In considering the working alliance according to Bordin’s (1979) formulation, namely as a combination of shared tasks and goals and the quality of a shared bond, the researchers were able to capture the shift from different angles. Interestingly, when participants were asked outright about changes in the working alliance, nine participants reported that teletherapy did not affect the working alliance (highly common). However, when asked more specifically about the goals, tasks, and bonds, participants reported that COVID-19 affected the goals of treatment (moderately common) that solidarity in COVID-19 enhanced the bond between therapist and patient (moderately common), and that there was an increased focus on tasks as compared with the process of therapy (moderately common). In this way, there is a misalignment between the overall sense of change that was directly reported versus the specific components of the alliance when asked to elaborate.

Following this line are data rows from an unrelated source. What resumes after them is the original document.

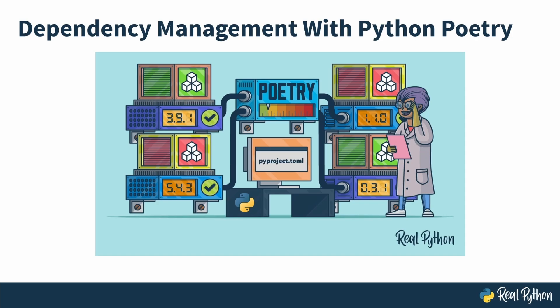Welcome to this Real Python course, Dependency Management with Python Poetry. My name is Emmanuel, and I'm excited to guide you through this journey of understanding and even mastering dependency management with poetry.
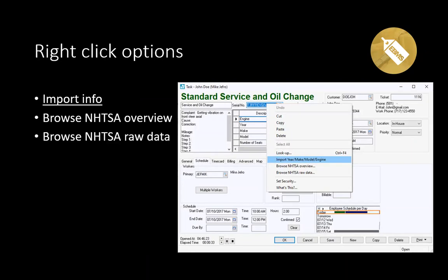Another option available from these two screens is the ability to update information. When you enter a VIN that is not already in EBMS, it automatically creates the record without requiring a response from the user. If the VIN number already exists in the system, it will not update or re-download the information from the NHTSA website. To update, you would right-click on the serial number and select 'Import Year Make Model Engine Information.'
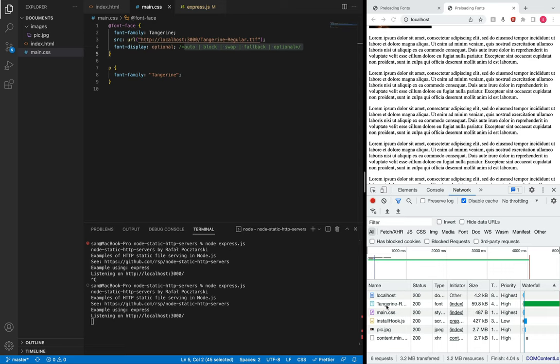That's pretty much it about font-display. Please make sure to pick the correct option based on your situation. If font style is very important to you, you should go with either block or swap. If avoiding layout shifts is important, you should pick between fallback or optional.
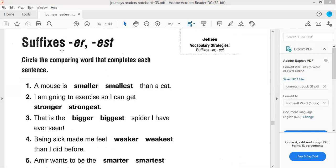The suffixes ER and EST are used for comparatives and superlatives. We add EST for the most, and we also use it for the most or the least.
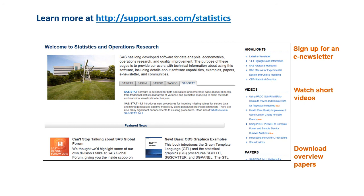If you'd like to learn more about new methods for statistical modeling in SAS Stat, visit support.sas.com/statistics. There you will find many helpful resources, including short videos and overview papers written by research statistician developers in SAS R&D. You can also sign up for an electronic newsletter that is sent out quarterly. Thank you for listening.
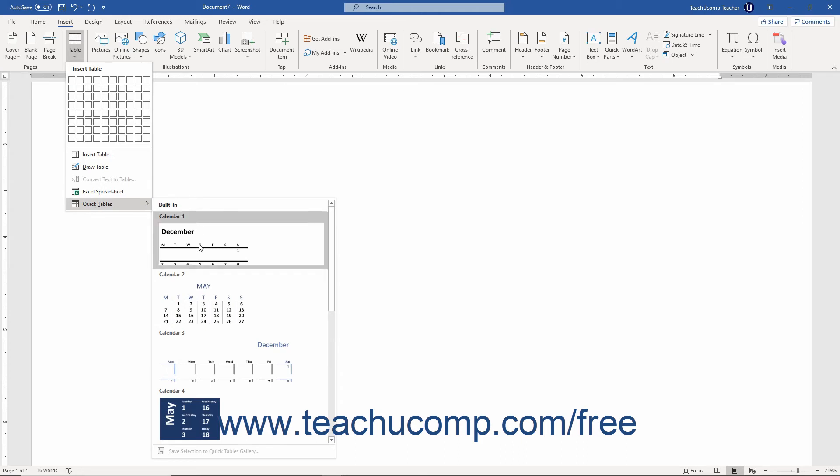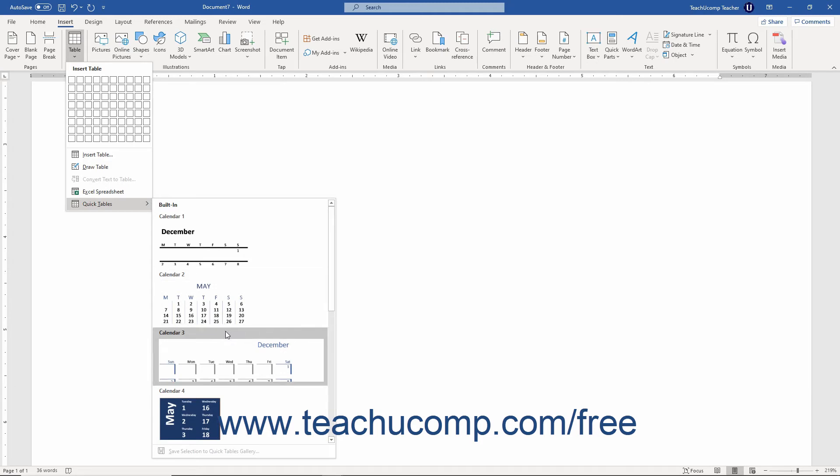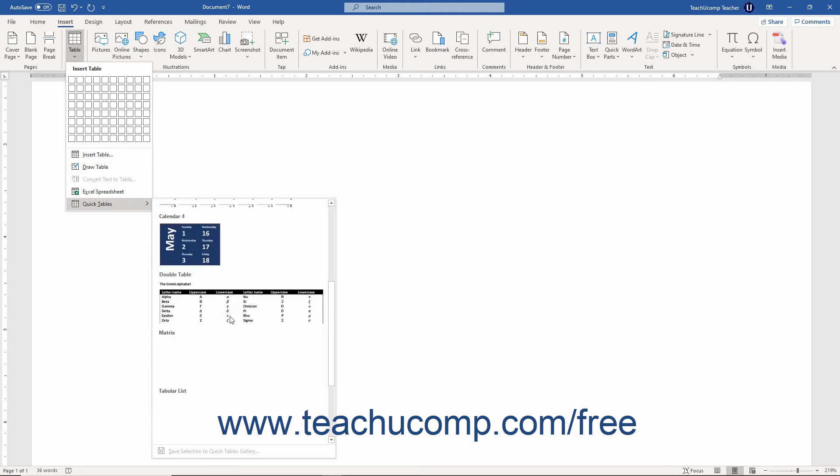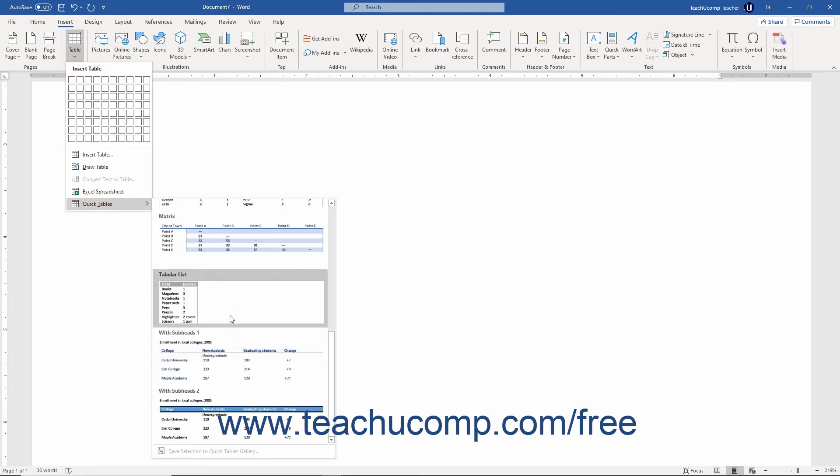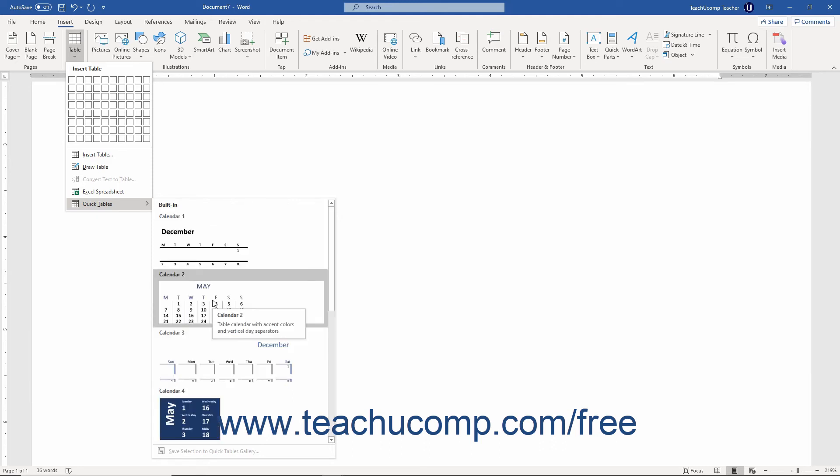A listing of the various types of Quick Tables you can insert then appears in a side menu of choices. Scroll through the choices shown until you find the type of Quick Table to insert, then click the desired Quick Table choice to insert it into your document.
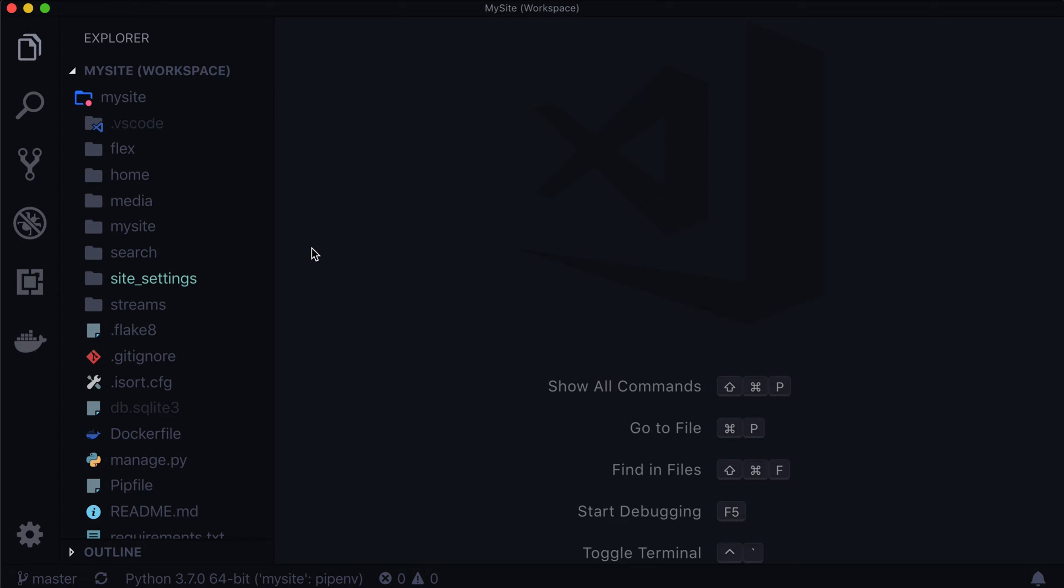In the last lesson, we ended up adding global site settings to our site so that we could access a Facebook, a Twitter, and a YouTube URL from any template. And in this video, we're going to do nothing related to that. In fact, we're actually going to add a new model from Wagtail, and we're going to add it into our Wagtail CMS so that it can be managed in there.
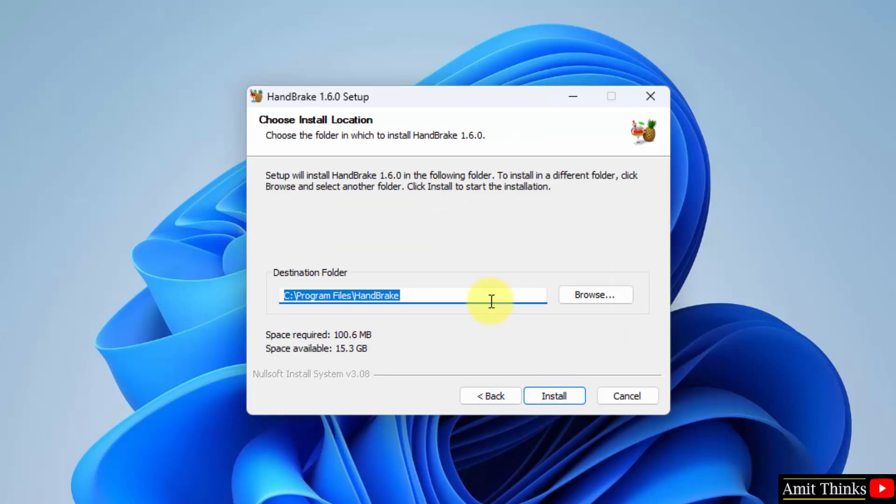It will get installed in the program files Handbrake folder. You can click on browse from here. It will only take 100 MB. Let's click on install.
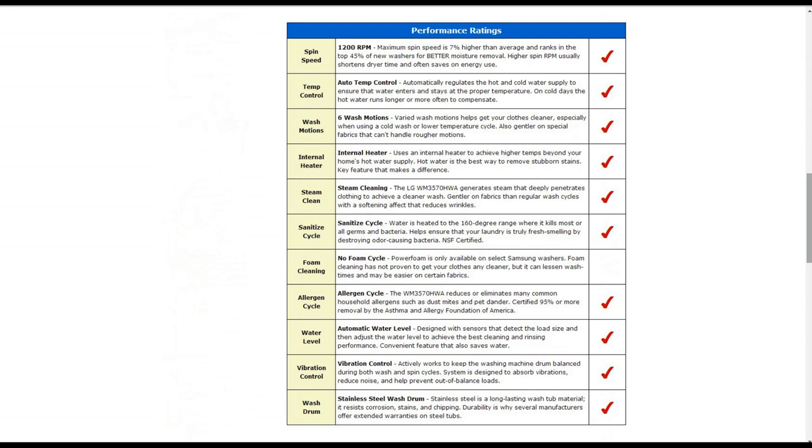In the performance ratings, it does have a spin speed of 1,200 RPMs. That's about 7% higher than average and ranks in the top 45% of new washers for better moisture removal. It has automatic temperature control to regulate hot and cold water supply also.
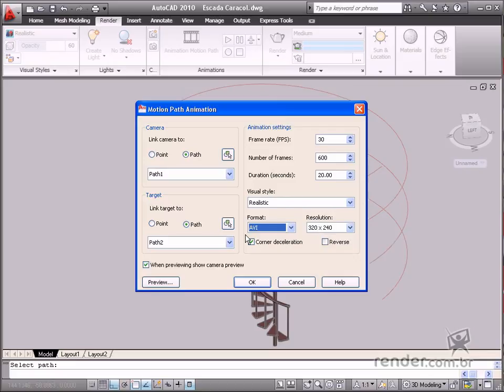Remember that the Format and resolution selection affects the size of the file saved on your disk and the image quality.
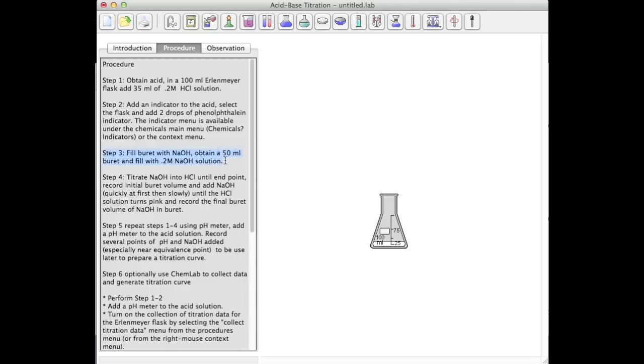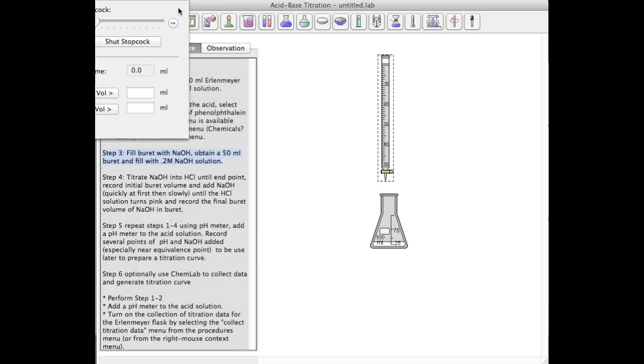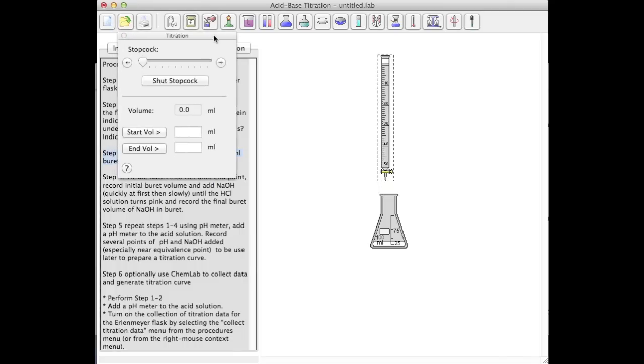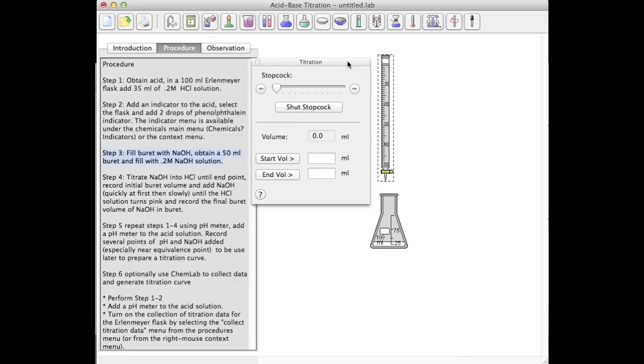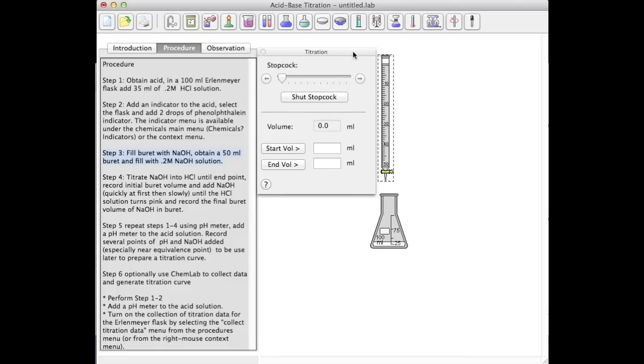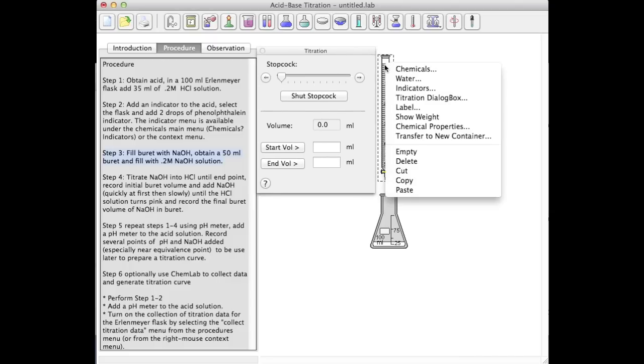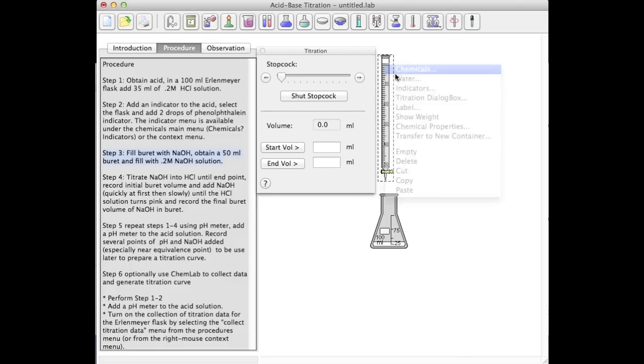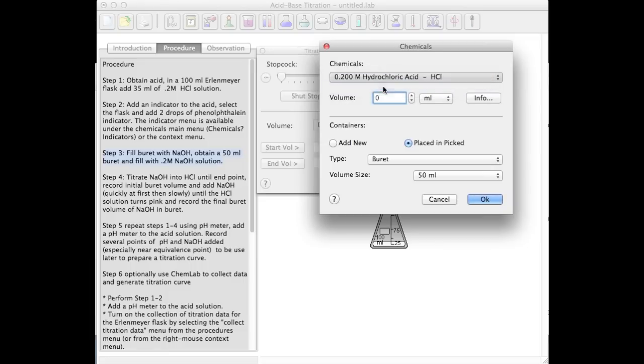Finally, I'm going to set up my burette. Again, I'm going to use the context menu for the chemical dialog box and add my sodium hydroxide to my burette.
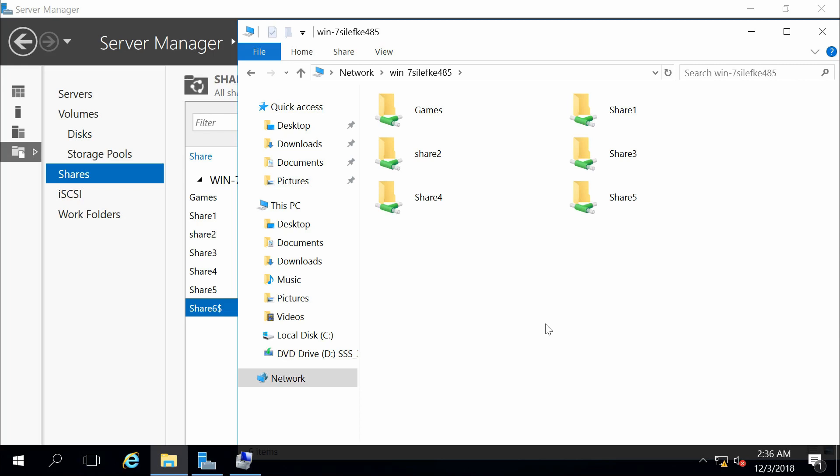If I want to take a share I currently have, such as Share 5, and I want to change that to be hidden, ultimately what I have to do is delete the existing share and then recreate it. We should be able to do that without having to delete the files that are in that share — just simply delete the share itself and then re-add it with the same source folder.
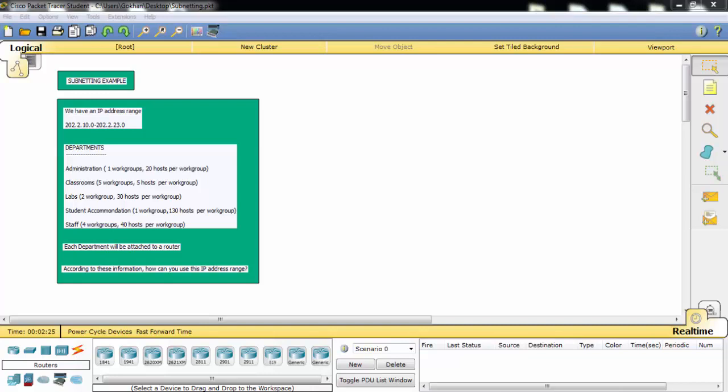In this video we'll solve a subnetting example and we'll use Packet Tracer for this. As you can see on the screen, we have been given an IP address range, and we have some departments. Under these departments we have some workgroups, and under these workgroups we have some hosts, and we'll try to configure this.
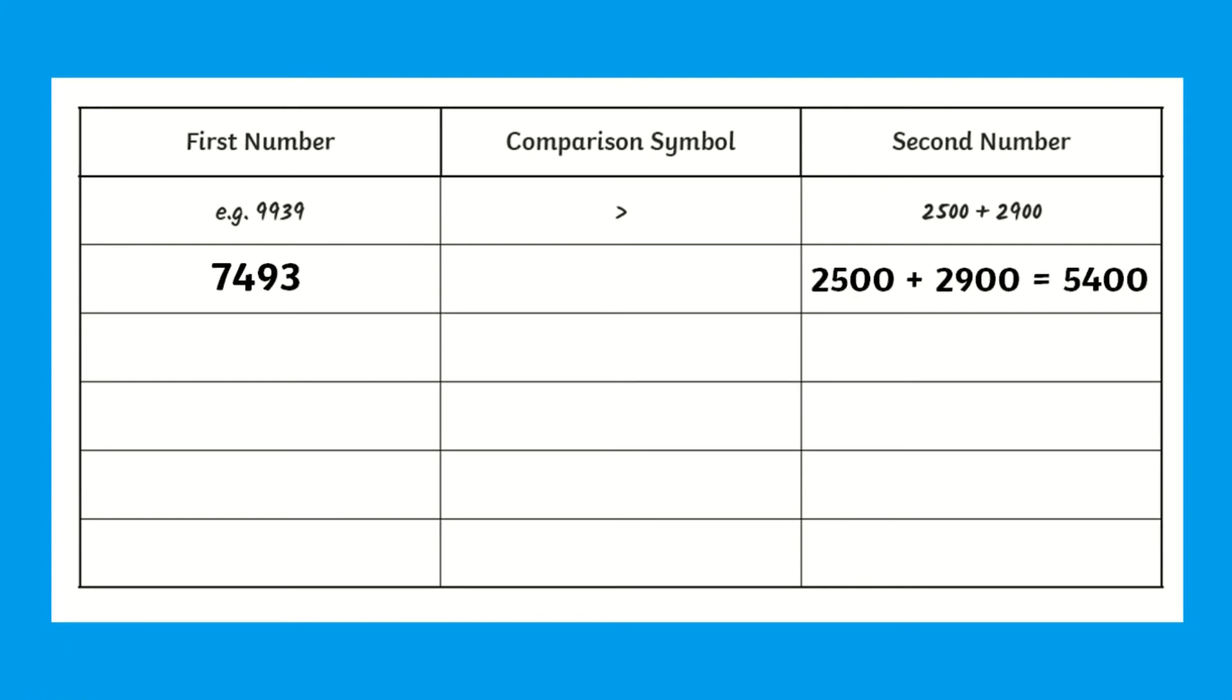This task helps children develop their understanding of place value. This is an important skill that forms a foundation for their mathematical ability.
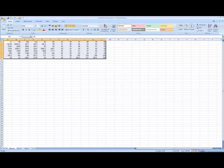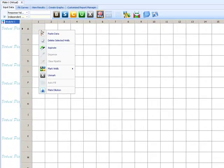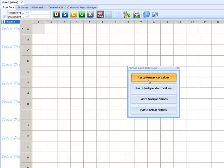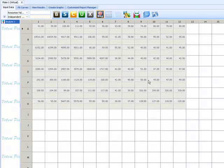I will start off by copying and pasting my raw data into ReaderFit. File importing is also supported for CSV, Excel, or text files.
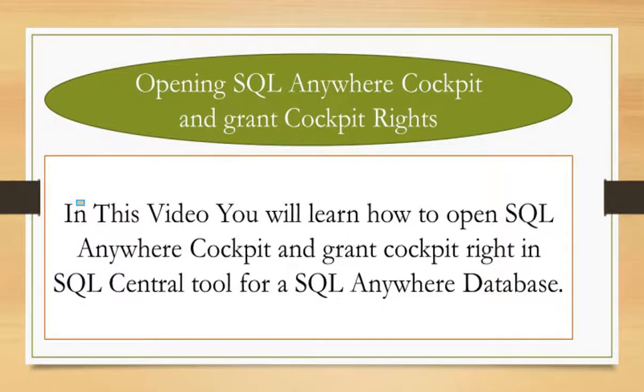In this video you will learn how to open SQL Anywhere Cockpit and grant Cockpit right in SQL Central tool for a SQL Anywhere database.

Another interesting finding was that some therapists became more relaxed in upholding the frame of therapy and maintaining boundaries with their patients. It is possible that since the virtual environment of therapy was taking place in the therapist’s personal space, they felt more relaxed and in a less rigid role than they would have felt if they were doing therapy in a professional setting. This may be related to why one therapist reported feeling less disappointed after a no-show in teletherapy, as she might have felt easier to transition to her own space during that freed-up hour. Another significant finding was that there seemed to be something “ineffable,” or indescribable, about the visceral presence of the other that cannot be reinvented in the virtual setting, which may be the lack of visual cues or the felt distance between therapist and patient.
In thinking about potential limitations to this study, some of the interviews took place months after treatment was completed. Furthermore, the researchers were unable to contact several of the participants, which results in unmatched dyad interviews. The exploratory nature of the present study lends itself to implications of further research. While COVID-19 required that in-person therapy be transitioned to telehealth, it allowed for teletherapy to be considered as a viable alternative option. Now that patients and therapists alike have become somewhat habituated to teletherapy, there is room to expand upon therapist training opportunities to offer therapy virtually.